### Task prompt
Please copy out the entries below exactly, beginning with the line that contains "eXtremeRate Replacement Front" and ending with the line that contains "환상 와이드 프레젠테이션 원 다이어그램 – 제품 소개 및 비전", and include nothing outside that span.

(Dataset items)
____

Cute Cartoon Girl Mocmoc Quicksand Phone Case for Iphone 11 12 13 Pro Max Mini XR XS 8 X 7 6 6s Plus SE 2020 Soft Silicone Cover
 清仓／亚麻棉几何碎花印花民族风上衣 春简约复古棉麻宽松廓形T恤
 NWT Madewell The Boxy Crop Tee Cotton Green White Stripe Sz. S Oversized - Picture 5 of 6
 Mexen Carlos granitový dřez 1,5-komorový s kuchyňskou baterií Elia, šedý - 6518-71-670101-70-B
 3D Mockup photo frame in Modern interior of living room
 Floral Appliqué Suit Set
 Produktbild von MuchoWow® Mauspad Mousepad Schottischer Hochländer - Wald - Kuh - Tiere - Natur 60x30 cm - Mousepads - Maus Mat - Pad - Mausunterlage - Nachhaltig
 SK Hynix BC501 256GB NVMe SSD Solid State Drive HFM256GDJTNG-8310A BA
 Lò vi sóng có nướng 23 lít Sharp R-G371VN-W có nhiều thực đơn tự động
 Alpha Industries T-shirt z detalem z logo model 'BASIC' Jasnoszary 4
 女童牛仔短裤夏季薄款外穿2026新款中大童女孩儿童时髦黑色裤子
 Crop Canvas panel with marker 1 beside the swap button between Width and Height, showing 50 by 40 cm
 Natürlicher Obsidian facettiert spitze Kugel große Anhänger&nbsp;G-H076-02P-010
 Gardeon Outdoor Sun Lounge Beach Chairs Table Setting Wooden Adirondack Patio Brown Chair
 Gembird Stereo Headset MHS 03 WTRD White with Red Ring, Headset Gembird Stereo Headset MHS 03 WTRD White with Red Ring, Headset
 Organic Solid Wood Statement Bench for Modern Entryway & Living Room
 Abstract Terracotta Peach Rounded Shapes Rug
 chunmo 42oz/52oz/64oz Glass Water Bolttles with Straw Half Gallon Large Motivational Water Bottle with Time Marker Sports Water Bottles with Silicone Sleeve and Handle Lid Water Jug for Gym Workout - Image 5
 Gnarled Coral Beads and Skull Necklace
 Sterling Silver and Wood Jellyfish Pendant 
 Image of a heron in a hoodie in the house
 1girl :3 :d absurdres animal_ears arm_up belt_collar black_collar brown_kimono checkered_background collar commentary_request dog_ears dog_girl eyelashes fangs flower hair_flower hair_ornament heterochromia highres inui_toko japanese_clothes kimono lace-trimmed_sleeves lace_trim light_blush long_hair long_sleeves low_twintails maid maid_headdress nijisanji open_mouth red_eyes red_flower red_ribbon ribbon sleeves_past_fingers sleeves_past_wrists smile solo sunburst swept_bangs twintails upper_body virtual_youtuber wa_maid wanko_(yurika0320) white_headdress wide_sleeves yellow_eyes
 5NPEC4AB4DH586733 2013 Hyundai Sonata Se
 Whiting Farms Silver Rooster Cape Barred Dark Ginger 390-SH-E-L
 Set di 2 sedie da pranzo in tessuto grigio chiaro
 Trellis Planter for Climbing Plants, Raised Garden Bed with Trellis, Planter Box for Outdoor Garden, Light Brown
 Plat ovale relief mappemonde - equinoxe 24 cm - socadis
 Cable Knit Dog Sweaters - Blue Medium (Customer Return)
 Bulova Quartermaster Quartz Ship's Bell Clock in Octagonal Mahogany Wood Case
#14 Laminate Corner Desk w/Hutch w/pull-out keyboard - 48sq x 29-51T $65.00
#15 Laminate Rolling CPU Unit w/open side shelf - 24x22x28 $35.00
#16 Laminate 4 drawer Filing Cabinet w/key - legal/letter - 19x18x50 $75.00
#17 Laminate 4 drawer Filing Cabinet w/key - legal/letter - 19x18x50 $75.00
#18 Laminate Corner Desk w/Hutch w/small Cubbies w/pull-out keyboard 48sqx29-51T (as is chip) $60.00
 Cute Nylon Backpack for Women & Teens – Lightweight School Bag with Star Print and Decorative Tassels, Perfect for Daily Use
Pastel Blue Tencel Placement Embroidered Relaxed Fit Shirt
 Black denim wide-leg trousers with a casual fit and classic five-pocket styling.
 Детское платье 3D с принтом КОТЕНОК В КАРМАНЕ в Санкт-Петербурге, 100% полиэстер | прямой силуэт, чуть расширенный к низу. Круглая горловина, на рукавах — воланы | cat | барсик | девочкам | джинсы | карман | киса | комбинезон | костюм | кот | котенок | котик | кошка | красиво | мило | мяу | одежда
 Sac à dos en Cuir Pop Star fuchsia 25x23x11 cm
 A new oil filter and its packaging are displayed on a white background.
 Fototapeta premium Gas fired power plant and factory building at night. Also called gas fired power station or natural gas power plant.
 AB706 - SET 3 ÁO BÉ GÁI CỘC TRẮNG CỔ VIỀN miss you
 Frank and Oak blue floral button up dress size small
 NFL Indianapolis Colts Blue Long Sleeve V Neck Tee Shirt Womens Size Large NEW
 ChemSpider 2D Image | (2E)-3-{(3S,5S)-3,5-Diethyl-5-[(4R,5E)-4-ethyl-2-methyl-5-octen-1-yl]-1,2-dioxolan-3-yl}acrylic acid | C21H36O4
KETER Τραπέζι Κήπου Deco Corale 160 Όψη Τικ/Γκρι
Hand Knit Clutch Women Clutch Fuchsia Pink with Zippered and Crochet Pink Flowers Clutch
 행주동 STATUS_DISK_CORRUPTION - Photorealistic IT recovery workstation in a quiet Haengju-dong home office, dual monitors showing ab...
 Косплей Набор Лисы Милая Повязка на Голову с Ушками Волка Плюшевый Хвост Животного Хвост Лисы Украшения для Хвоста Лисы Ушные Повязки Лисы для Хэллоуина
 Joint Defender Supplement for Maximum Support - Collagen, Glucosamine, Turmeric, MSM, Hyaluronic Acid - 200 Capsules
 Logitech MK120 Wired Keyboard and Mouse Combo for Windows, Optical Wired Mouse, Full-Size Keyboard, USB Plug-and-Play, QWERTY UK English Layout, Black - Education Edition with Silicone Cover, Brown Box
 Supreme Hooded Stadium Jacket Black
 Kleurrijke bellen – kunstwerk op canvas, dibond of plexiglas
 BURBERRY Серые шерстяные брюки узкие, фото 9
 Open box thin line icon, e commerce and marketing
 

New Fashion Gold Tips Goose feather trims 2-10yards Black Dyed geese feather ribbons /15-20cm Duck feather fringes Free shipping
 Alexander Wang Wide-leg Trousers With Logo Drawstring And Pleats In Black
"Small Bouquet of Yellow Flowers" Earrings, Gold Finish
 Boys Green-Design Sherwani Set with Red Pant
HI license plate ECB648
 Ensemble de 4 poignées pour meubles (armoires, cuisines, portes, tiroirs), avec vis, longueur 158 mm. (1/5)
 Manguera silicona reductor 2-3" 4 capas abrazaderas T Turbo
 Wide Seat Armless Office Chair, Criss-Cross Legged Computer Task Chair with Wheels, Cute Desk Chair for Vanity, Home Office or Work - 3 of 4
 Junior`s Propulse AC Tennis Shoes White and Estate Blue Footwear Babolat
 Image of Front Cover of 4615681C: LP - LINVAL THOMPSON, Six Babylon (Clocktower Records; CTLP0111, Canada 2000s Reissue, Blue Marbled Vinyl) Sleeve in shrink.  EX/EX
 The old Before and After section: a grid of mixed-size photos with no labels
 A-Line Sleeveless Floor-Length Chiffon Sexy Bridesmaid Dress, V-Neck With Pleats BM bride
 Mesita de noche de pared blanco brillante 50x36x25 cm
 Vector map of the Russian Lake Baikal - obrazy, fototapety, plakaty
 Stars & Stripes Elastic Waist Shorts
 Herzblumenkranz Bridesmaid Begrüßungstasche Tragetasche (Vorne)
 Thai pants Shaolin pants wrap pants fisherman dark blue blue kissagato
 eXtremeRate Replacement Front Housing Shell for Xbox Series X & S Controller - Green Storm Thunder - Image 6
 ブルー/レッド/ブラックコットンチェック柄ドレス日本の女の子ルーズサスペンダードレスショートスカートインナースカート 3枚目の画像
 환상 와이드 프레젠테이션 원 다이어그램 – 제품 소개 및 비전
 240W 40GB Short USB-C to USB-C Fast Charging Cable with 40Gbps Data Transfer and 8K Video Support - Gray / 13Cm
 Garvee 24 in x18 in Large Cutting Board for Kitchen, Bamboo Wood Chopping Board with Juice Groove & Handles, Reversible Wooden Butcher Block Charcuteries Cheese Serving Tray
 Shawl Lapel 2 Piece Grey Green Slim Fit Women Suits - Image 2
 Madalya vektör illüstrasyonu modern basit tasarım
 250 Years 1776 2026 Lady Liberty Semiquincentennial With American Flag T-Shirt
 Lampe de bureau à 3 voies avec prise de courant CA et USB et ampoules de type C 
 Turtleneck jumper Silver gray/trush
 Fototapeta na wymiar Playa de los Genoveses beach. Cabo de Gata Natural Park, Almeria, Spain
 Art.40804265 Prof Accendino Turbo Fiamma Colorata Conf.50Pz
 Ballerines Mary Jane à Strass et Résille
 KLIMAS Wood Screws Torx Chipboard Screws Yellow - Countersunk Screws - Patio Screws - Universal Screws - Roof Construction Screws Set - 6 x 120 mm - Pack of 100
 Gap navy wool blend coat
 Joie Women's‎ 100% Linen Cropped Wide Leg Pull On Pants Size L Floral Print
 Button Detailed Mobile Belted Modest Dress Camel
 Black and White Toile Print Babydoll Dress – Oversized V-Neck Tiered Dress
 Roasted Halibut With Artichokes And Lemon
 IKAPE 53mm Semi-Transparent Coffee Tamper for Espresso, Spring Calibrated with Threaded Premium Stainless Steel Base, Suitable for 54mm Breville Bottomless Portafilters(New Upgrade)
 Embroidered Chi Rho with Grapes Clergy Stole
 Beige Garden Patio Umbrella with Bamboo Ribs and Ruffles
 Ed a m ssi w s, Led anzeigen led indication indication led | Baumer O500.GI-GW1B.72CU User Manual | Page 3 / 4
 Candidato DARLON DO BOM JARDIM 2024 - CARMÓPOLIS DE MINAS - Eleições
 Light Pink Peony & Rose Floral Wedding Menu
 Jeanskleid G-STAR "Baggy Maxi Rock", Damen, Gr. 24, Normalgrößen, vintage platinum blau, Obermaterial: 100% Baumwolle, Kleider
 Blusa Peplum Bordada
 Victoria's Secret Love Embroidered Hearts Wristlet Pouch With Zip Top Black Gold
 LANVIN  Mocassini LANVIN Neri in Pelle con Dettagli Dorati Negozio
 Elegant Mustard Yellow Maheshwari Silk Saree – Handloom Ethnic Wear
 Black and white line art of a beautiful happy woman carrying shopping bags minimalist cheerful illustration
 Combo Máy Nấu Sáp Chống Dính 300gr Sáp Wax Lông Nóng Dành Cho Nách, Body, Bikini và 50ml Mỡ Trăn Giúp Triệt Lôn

____

### Response below
 eXtremeRate Replacement Front Housing Shell for Xbox Series X & S Controller - Green Storm Thunder - Image 6
 ブルー/レッド/ブラックコットンチェック柄ドレス日本の女の子ルーズサスペンダードレスショートスカートインナースカート 3枚目の画像
 환상 와이드 프레젠테이션 원 다이어그램 – 제품 소개 및 비전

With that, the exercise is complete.